# EXERCISE PROMPT
All entries must be transcribed exactly, down to the last character.
===== RAW DATA =====
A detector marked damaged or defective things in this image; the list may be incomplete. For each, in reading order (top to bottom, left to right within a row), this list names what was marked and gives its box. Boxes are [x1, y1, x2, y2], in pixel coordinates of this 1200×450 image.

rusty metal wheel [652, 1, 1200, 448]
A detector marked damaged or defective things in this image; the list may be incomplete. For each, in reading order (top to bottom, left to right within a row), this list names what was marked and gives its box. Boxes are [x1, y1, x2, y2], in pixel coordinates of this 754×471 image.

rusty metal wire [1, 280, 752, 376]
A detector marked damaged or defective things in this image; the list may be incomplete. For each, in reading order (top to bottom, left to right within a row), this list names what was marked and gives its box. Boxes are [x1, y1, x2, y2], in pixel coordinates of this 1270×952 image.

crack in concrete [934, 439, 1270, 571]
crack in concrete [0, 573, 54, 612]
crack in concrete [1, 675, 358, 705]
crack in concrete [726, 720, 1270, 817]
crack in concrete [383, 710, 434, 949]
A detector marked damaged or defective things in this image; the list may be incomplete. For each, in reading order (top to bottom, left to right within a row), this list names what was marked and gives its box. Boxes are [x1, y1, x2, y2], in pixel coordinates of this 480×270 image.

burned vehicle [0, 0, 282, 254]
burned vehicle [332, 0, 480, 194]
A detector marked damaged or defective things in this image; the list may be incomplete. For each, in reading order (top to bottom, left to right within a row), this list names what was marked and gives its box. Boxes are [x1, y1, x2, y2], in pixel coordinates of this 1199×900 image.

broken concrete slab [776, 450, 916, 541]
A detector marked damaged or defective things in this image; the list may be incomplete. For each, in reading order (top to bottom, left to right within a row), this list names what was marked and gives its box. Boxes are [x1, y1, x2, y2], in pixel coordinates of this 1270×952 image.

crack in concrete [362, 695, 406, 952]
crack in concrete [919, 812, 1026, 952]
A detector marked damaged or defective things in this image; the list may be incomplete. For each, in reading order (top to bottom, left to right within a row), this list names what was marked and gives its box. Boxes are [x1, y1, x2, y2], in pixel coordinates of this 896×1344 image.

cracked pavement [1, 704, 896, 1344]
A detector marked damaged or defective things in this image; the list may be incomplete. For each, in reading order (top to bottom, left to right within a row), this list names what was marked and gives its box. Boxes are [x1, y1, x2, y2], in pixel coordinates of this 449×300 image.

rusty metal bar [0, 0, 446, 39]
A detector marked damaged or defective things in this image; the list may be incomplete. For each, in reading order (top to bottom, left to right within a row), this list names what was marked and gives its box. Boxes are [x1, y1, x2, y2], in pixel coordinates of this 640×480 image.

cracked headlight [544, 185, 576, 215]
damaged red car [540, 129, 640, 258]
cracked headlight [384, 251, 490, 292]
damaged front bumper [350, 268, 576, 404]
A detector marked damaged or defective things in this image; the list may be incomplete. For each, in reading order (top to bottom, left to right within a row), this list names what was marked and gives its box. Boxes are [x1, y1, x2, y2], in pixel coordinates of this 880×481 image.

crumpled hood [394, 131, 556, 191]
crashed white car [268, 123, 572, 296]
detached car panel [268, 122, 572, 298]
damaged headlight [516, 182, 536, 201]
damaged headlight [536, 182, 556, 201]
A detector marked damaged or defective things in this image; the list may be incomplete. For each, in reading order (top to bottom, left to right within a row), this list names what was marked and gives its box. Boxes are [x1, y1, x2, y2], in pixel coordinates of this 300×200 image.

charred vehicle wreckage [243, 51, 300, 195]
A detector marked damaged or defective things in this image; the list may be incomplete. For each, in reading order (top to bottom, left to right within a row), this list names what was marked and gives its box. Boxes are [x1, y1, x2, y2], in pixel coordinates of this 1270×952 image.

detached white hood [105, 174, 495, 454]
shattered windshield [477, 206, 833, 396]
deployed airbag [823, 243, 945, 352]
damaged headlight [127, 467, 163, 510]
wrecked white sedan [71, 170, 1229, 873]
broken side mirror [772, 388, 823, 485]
=====
# WRITTEN REPLY
A detector marked damaged or defective things in this image; the list may be incomplete. For each, in reading order (top to bottom, left to right within a row), this list names what was marked and gives its box. Boxes are [x1, y1, x2, y2], in pixel coordinates of this 1200×450 image.

rusty metal wheel [652, 1, 1200, 448]
A detector marked damaged or defective things in this image; the list may be incomplete. For each, in reading order (top to bottom, left to right within a row), this list names what was marked and gives its box. Boxes are [x1, y1, x2, y2], in pixel coordinates of this 754×471 image.

rusty metal wire [1, 280, 752, 376]
A detector marked damaged or defective things in this image; the list may be incomplete. For each, in reading order (top to bottom, left to right within a row), this list names what was marked and gives its box. Boxes are [x1, y1, x2, y2], in pixel coordinates of this 1270×952 image.

crack in concrete [934, 439, 1270, 571]
crack in concrete [0, 573, 54, 612]
crack in concrete [1, 675, 358, 705]
crack in concrete [726, 720, 1270, 817]
crack in concrete [383, 710, 434, 949]
A detector marked damaged or defective things in this image; the list may be incomplete. For each, in reading order (top to bottom, left to right within a row), this list names what was marked and gives its box. Boxes are [x1, y1, x2, y2], in pixel coordinates of this 480×270 image.

burned vehicle [0, 0, 282, 254]
burned vehicle [332, 0, 480, 194]
A detector marked damaged or defective things in this image; the list may be incomplete. For each, in reading order (top to bottom, left to right within a row), this list names what was marked and gives its box. Boxes are [x1, y1, x2, y2], in pixel coordinates of this 1199×900 image.

broken concrete slab [776, 450, 916, 541]
A detector marked damaged or defective things in this image; the list may be incomplete. For each, in reading order (top to bottom, left to right within a row), this list names what was marked and gives its box. Boxes are [x1, y1, x2, y2], in pixel coordinates of this 1270×952 image.

crack in concrete [362, 695, 406, 952]
crack in concrete [919, 812, 1026, 952]
A detector marked damaged or defective things in this image; the list may be incomplete. For each, in reading order (top to bottom, left to right within a row), this list names what was marked and gives its box. Boxes are [x1, y1, x2, y2], in pixel coordinates of this 896×1344 image.

cracked pavement [1, 704, 896, 1344]
A detector marked damaged or defective things in this image; the list may be incomplete. For each, in reading order (top to bottom, left to right within a row), this list names what was marked and gives its box. Boxes are [x1, y1, x2, y2], in pixel coordinates of this 449×300 image.

rusty metal bar [0, 0, 446, 39]
A detector marked damaged or defective things in this image; the list may be incomplete. For each, in reading order (top to bottom, left to right within a row), this list names what was marked and gives its box. Boxes are [x1, y1, x2, y2], in pixel coordinates of this 640×480 image.

cracked headlight [544, 185, 576, 215]
damaged red car [540, 129, 640, 258]
cracked headlight [384, 251, 490, 292]
damaged front bumper [350, 268, 576, 404]
A detector marked damaged or defective things in this image; the list may be incomplete. For each, in reading order (top to bottom, left to right within a row), this list names what was marked and gives its box. Boxes are [x1, y1, x2, y2], in pixel coordinates of this 880×481 image.

crumpled hood [394, 131, 556, 191]
crashed white car [268, 123, 572, 296]
detached car panel [268, 122, 572, 298]
damaged headlight [516, 182, 536, 201]
damaged headlight [536, 182, 556, 201]
A detector marked damaged or defective things in this image; the list may be incomplete. For each, in reading order (top to bottom, left to right within a row), this list names what was marked and gives its box. Boxes are [x1, y1, x2, y2], in pixel coordinates of this 300×200 image.

charred vehicle wreckage [243, 51, 300, 195]
A detector marked damaged or defective things in this image; the list may be incomplete. For each, in reading order (top to bottom, left to right within a row), this list names what was marked and gives its box. Boxes are [x1, y1, x2, y2], in pixel coordinates of this 1270×952 image.

detached white hood [105, 174, 495, 454]
shattered windshield [477, 206, 833, 396]
deployed airbag [823, 243, 945, 352]
damaged headlight [127, 467, 163, 510]
wrecked white sedan [71, 170, 1229, 873]
broken side mirror [772, 388, 823, 485]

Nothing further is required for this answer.